* **EXTRACTED MATERIAL**:
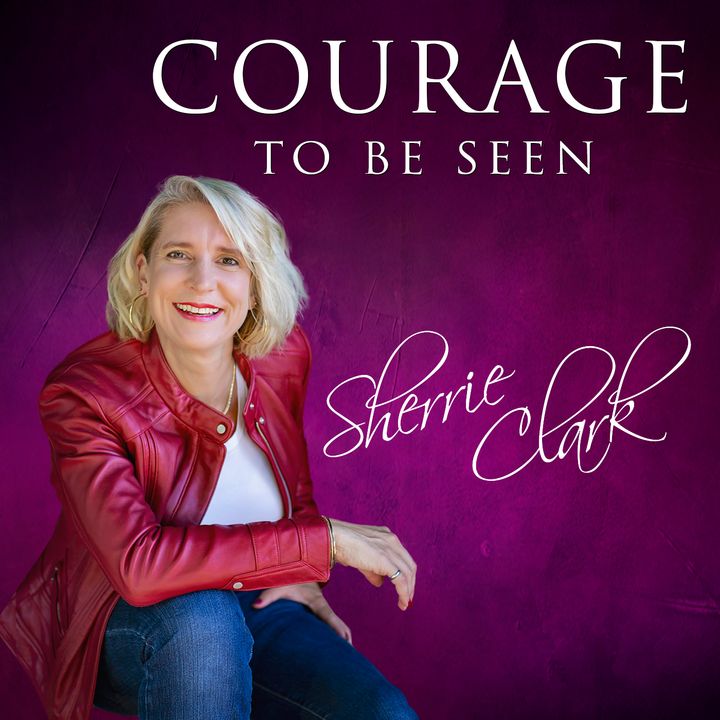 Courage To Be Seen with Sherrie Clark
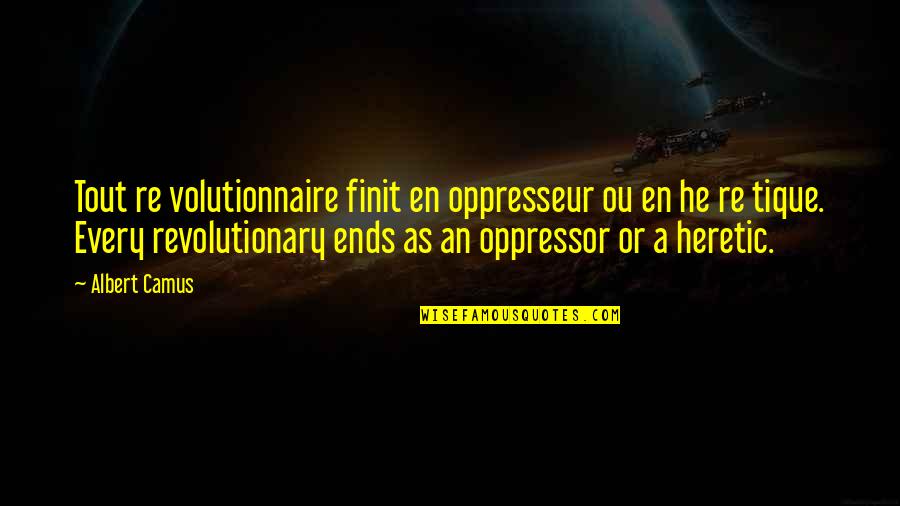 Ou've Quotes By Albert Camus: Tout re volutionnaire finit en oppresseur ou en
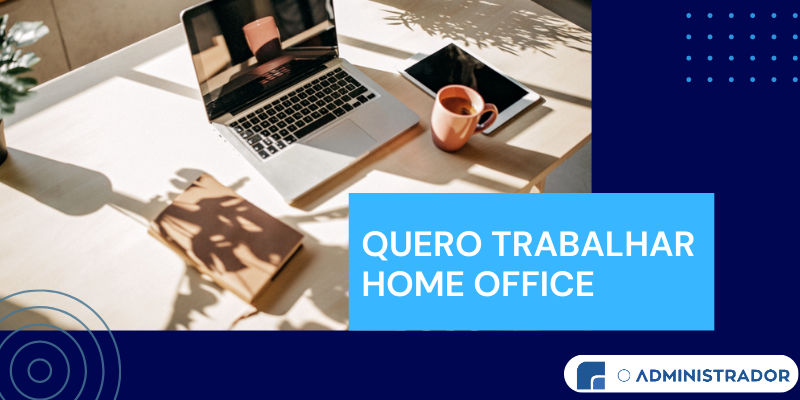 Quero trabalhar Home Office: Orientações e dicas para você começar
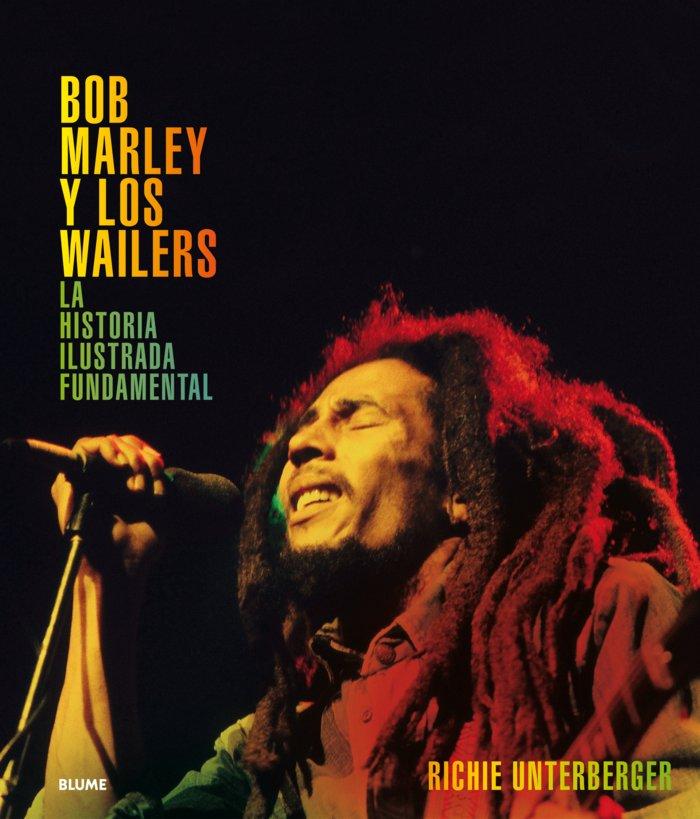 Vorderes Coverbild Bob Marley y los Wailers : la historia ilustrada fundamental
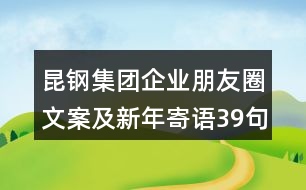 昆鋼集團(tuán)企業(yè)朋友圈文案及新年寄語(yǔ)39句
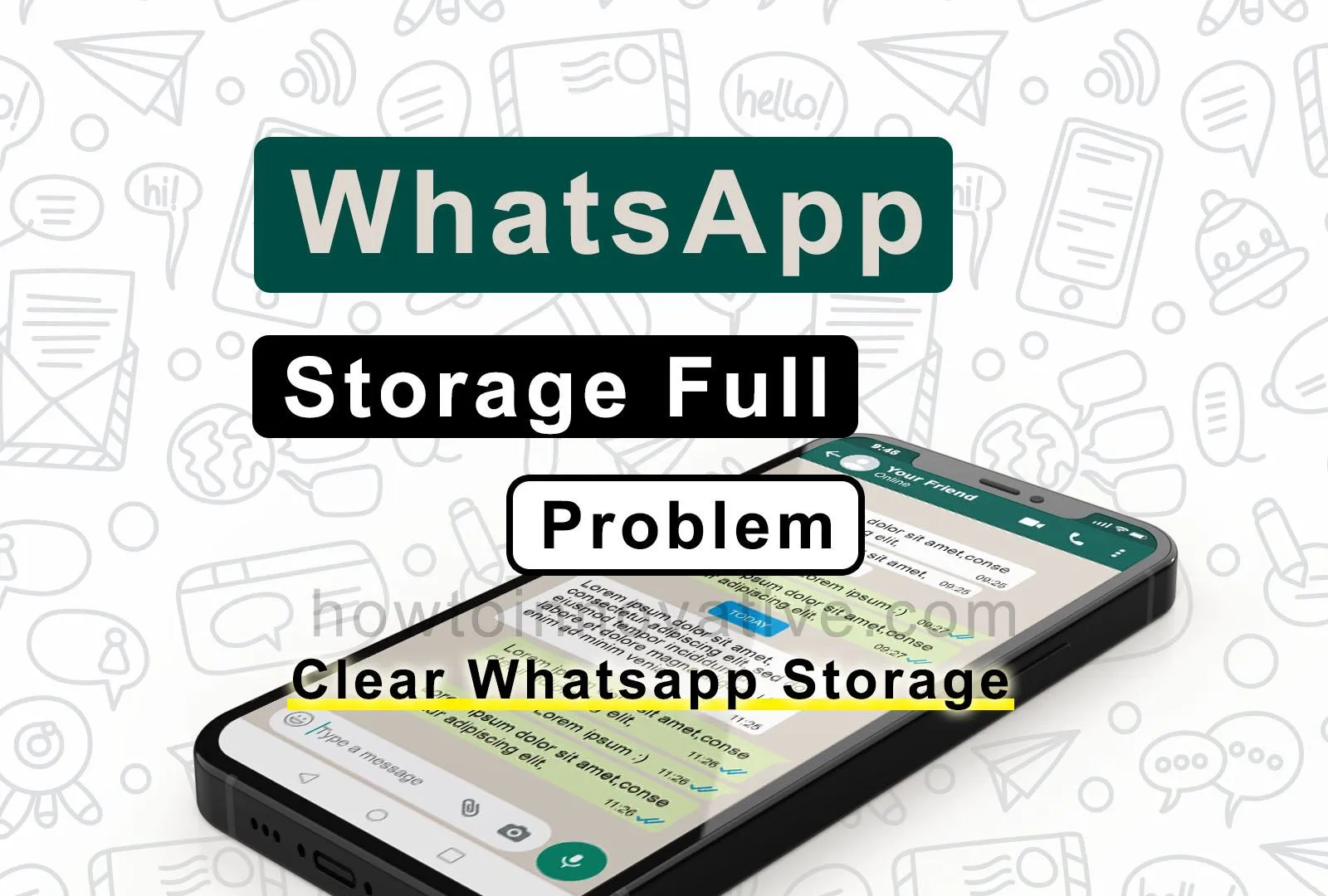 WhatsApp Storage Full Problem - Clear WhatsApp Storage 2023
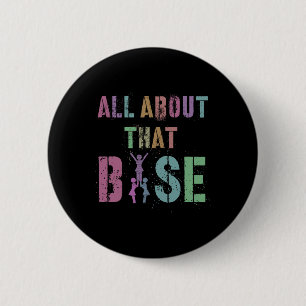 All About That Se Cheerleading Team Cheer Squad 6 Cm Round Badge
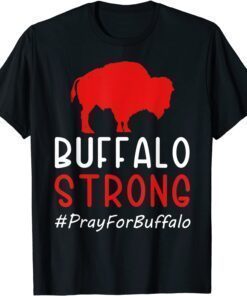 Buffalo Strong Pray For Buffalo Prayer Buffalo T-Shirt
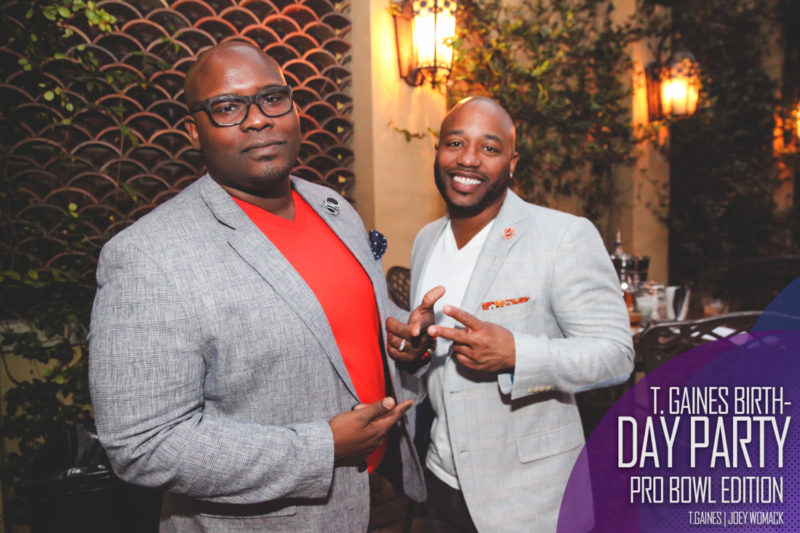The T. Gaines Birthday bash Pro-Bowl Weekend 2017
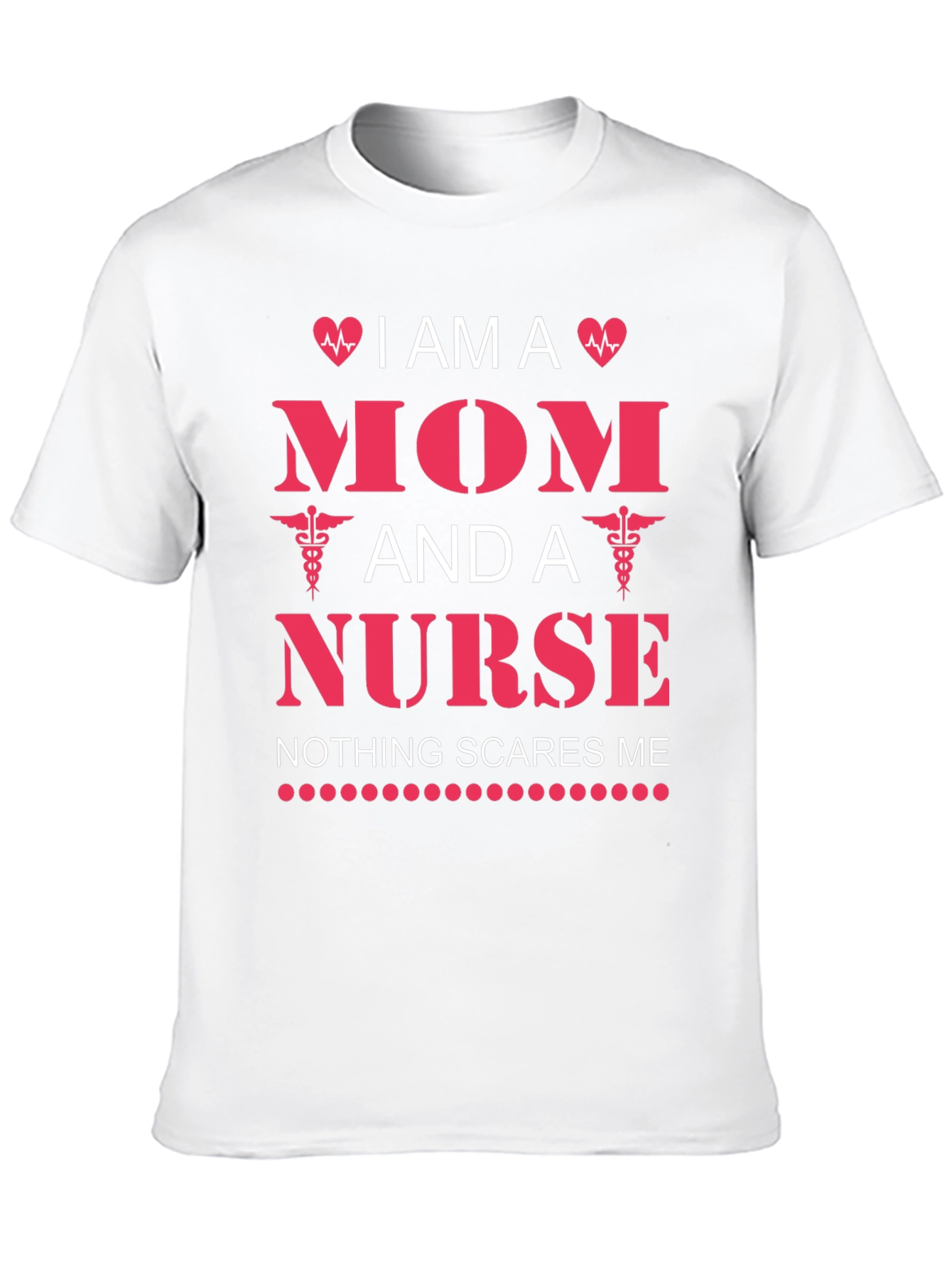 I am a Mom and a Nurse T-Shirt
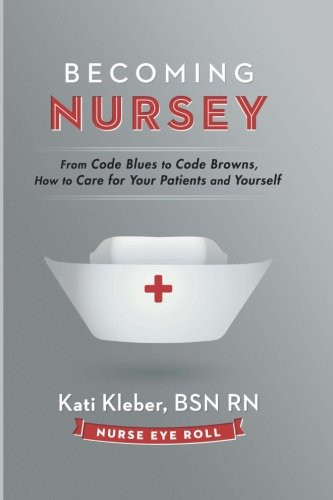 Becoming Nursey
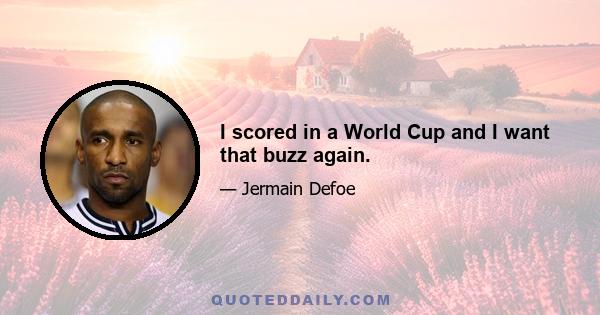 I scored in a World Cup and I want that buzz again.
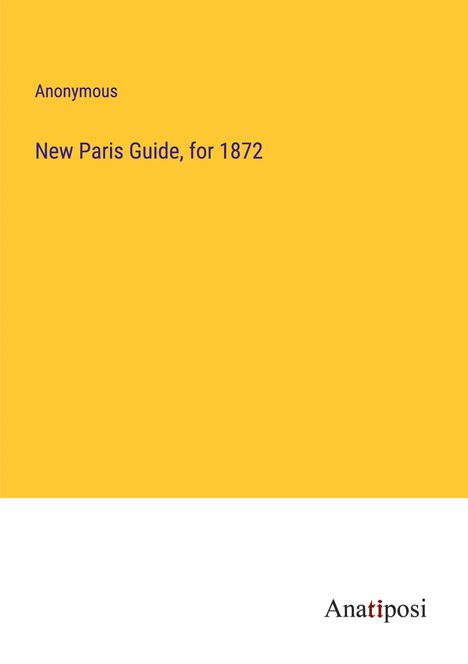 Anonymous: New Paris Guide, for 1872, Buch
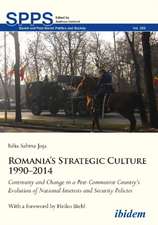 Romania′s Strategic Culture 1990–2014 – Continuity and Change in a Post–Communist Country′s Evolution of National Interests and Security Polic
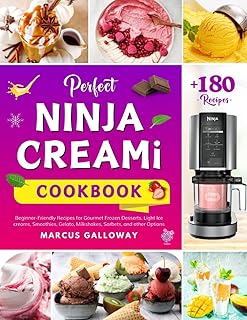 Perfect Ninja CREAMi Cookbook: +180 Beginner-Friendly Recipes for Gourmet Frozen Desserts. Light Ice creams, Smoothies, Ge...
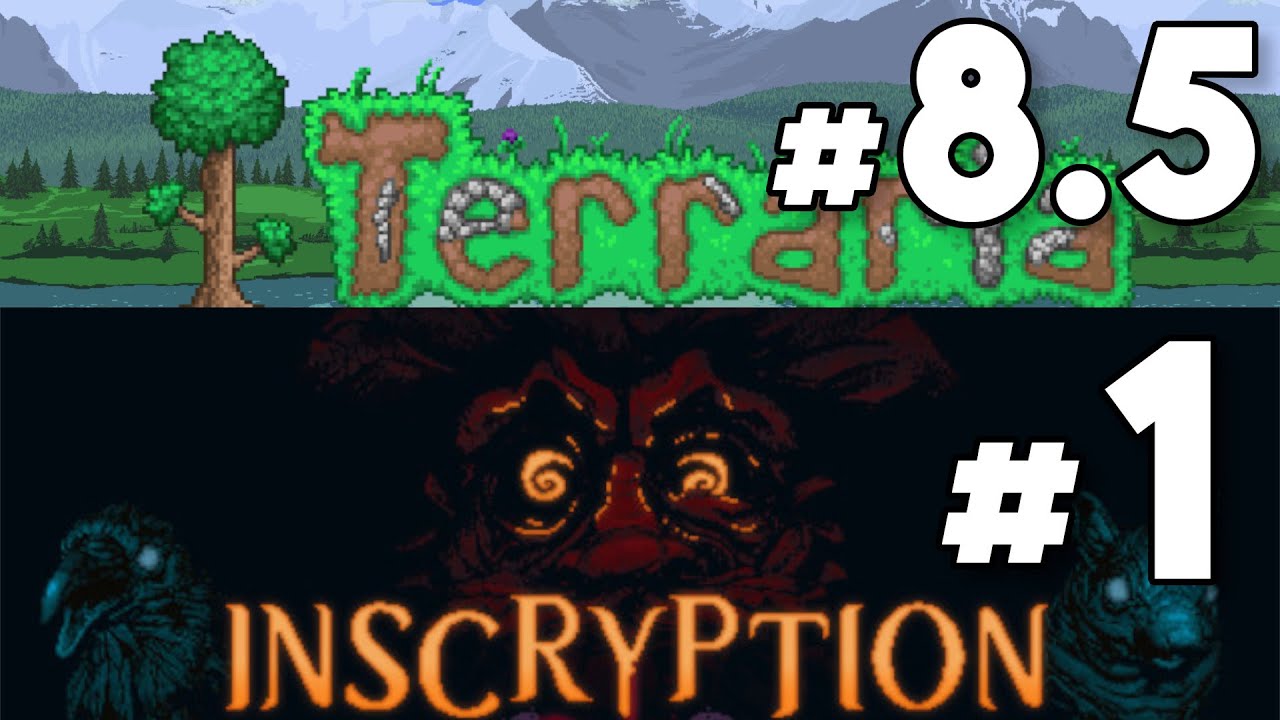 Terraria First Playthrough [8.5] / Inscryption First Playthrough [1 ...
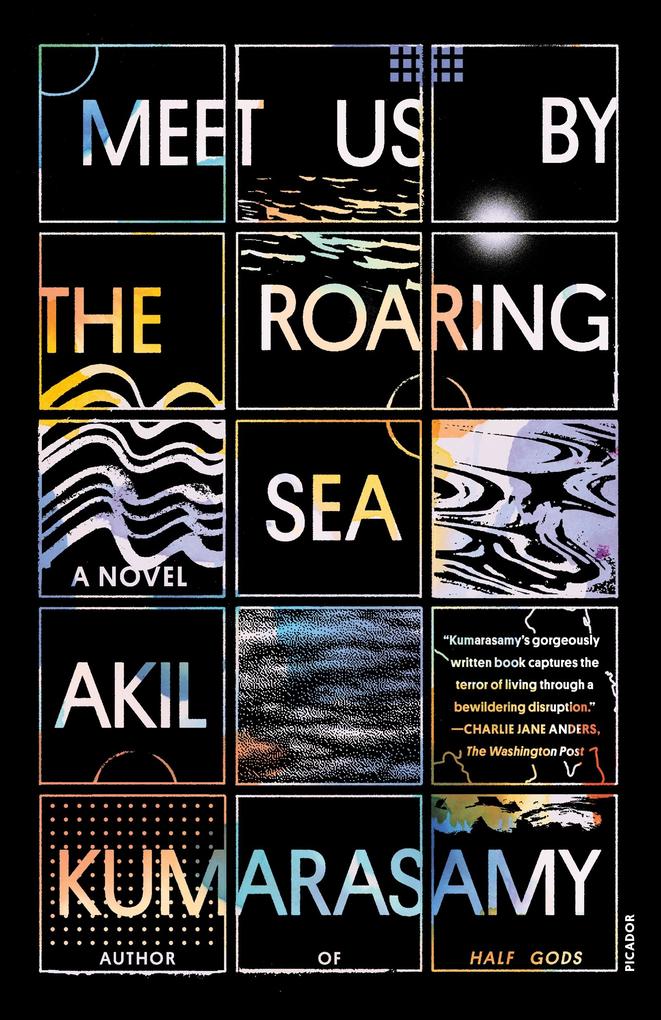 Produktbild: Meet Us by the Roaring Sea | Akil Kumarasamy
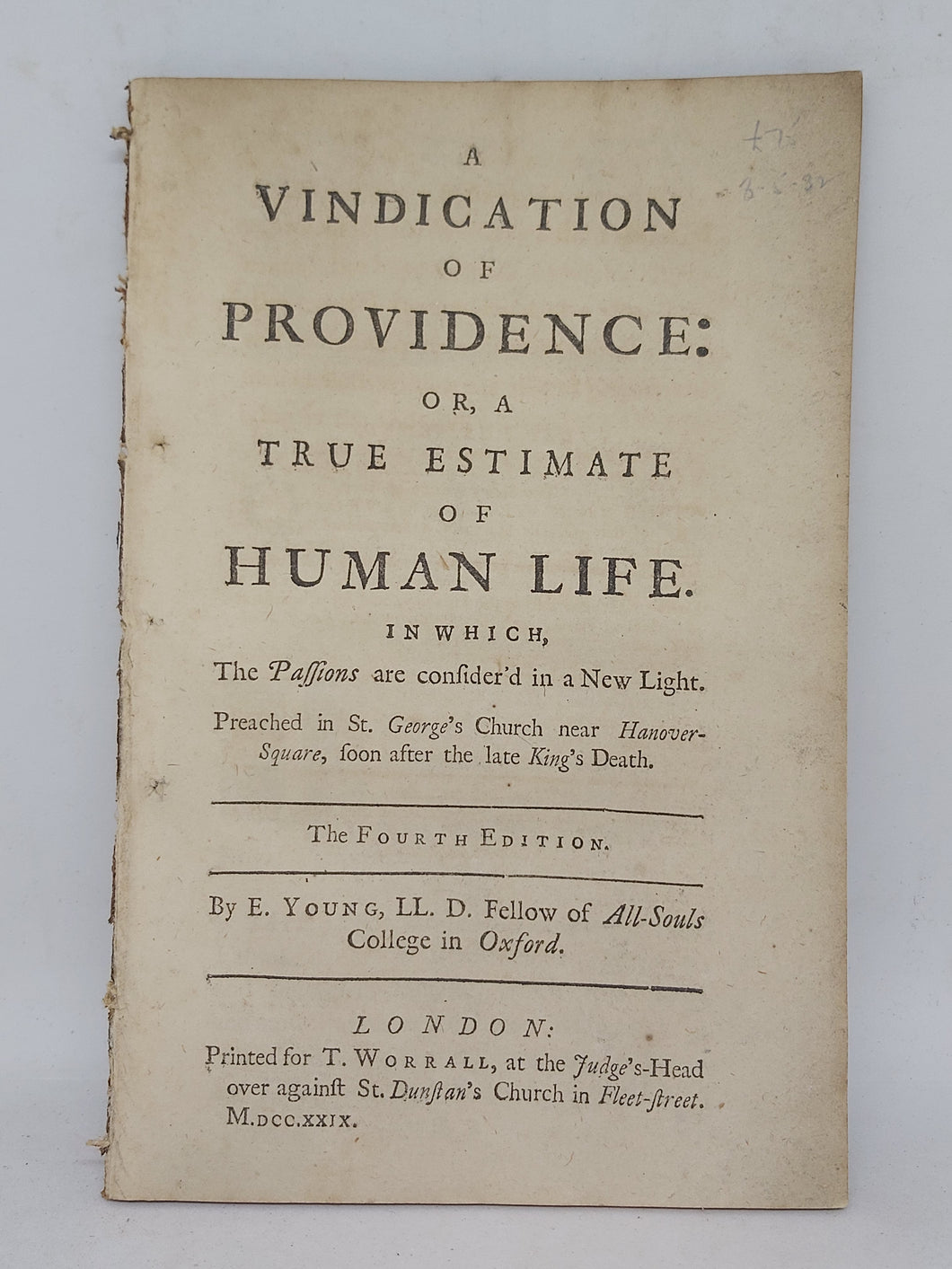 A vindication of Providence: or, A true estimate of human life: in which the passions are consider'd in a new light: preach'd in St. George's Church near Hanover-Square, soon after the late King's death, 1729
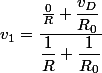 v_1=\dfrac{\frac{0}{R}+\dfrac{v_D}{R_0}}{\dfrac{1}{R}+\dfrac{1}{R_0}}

* **ASSIGNED TASK**:
Return all of the lines above without alteration, minus the pictures.

* **ANSWER SECTION**:
 Courage To Be Seen with Sherrie Clark
 Ou've Quotes By Albert Camus: Tout re volutionnaire finit en oppresseur ou en
 Quero trabalhar Home Office: Orientações e dicas para você começar
 Vorderes Coverbild Bob Marley y los Wailers : la historia ilustrada fundamental
 昆鋼集團(tuán)企業(yè)朋友圈文案及新年寄語(yǔ)39句
 WhatsApp Storage Full Problem - Clear WhatsApp Storage 2023
 All About That Se Cheerleading Team Cheer Squad 6 Cm Round Badge
 Buffalo Strong Pray For Buffalo Prayer Buffalo T-Shirt
The T. Gaines Birthday bash Pro-Bowl Weekend 2017
 I am a Mom and a Nurse T-Shirt
 Becoming Nursey
 I scored in a World Cup and I want that buzz again.
 Anonymous: New Paris Guide, for 1872, Buch
 Romania′s Strategic Culture 1990–2014 – Continuity and Change in a Post–Communist Country′s Evolution of National Interests and Security Polic
 Perfect Ninja CREAMi Cookbook: +180 Beginner-Friendly Recipes for Gourmet Frozen Desserts. Light Ice creams, Smoothies, Ge...
 Terraria First Playthrough [8.5] / Inscryption First Playthrough [1 ...
 Produktbild: Meet Us by the Roaring Sea | Akil Kumarasamy
 A vindication of Providence: or, A true estimate of human life: in which the passions are consider'd in a new light: preach'd in St. George's Church near Hanover-Square, soon after the late King's death, 1729
 v_1=\dfrac{\frac{0}{R}+\dfrac{v_D}{R_0}}{\dfrac{1}{R}+\dfrac{1}{R_0}}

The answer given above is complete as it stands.